----- Available data

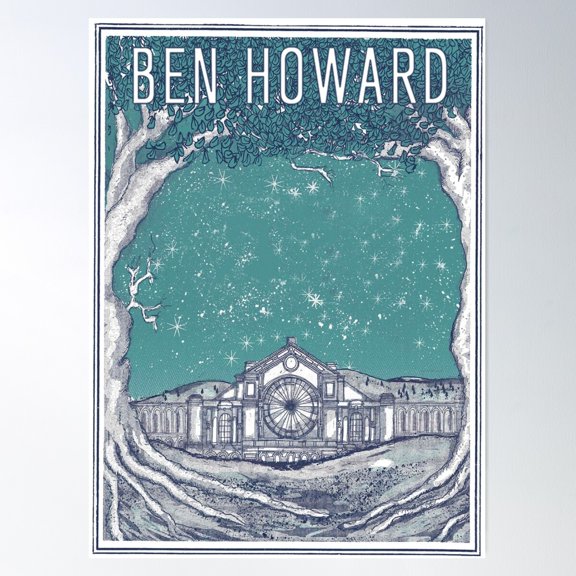 Ben Howard Starry Night Poster Wall Art, Modern Wall Decor For Living Room Bedroom, 12x18 UNFRAMED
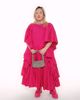 Imagem de VESTIDO ROSA BABADOS MARTINS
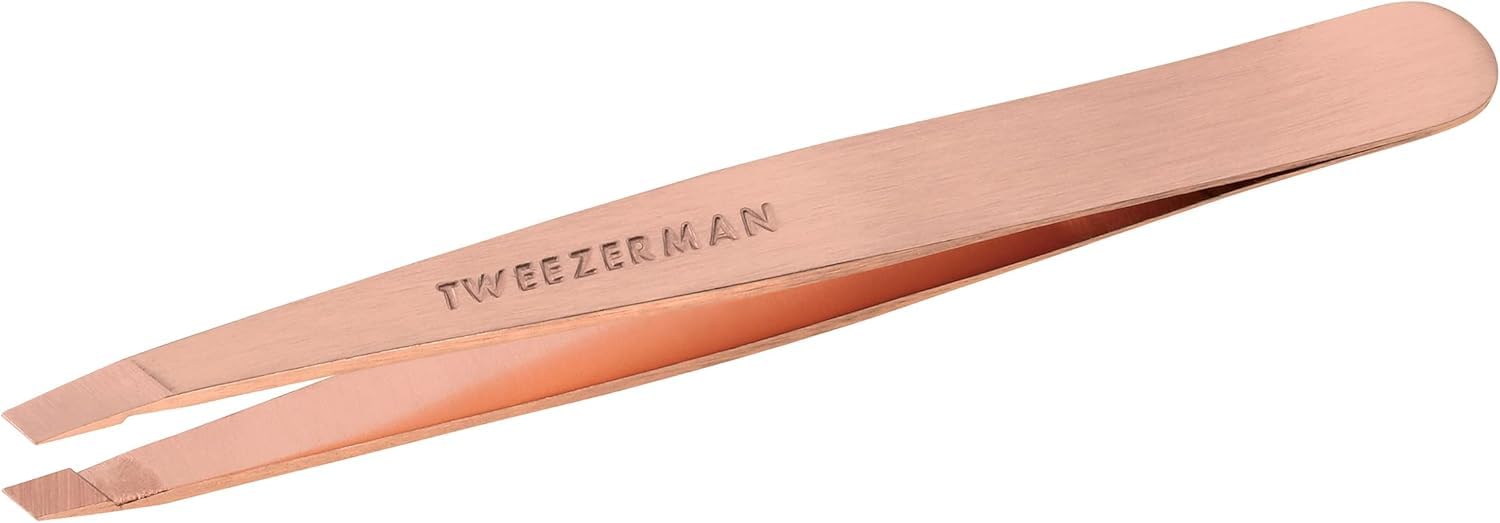 Tweezerman Stainless Steel Slant Tweezer - Eyebrow Tweezers for Women and Men (Rose Gold) Tweezerman Stainless Steel Slant Tweezer - Eyebrow Tweezers for Women and Men (Rose Gold)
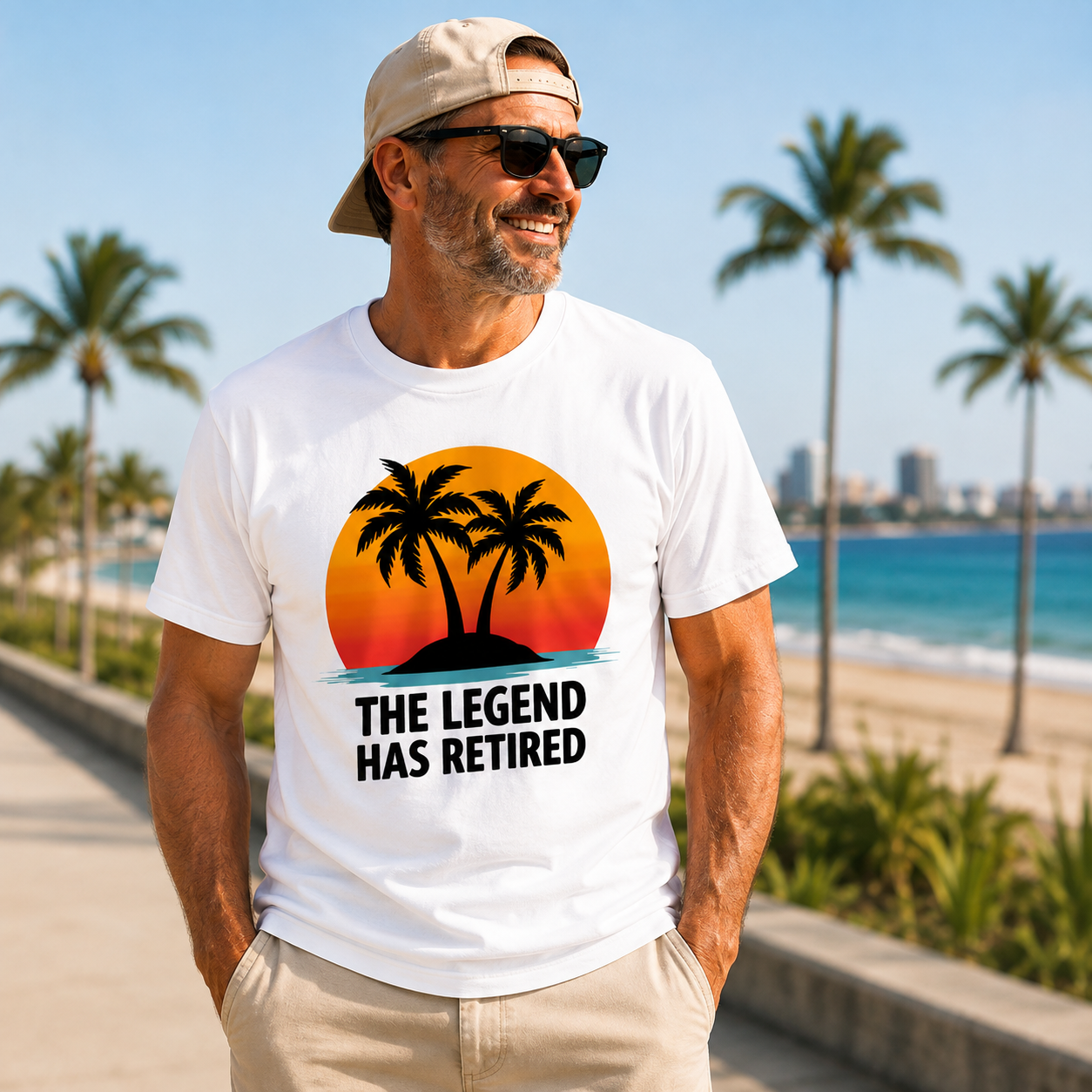 The Legend Has Retired Tropical T- Shirt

----------

Leave the pictures out and print the whole listing precisely.

 Ben Howard Starry Night Poster Wall Art, Modern Wall Decor For Living Room Bedroom, 12x18 UNFRAMED
 Imagem de VESTIDO ROSA BABADOS MARTINS
 Tweezerman Stainless Steel Slant Tweezer - Eyebrow Tweezers for Women and Men (Rose Gold) Tweezerman Stainless Steel Slant Tweezer - Eyebrow Tweezers for Women and Men (Rose Gold)
 The Legend Has Retired Tropical T- Shirt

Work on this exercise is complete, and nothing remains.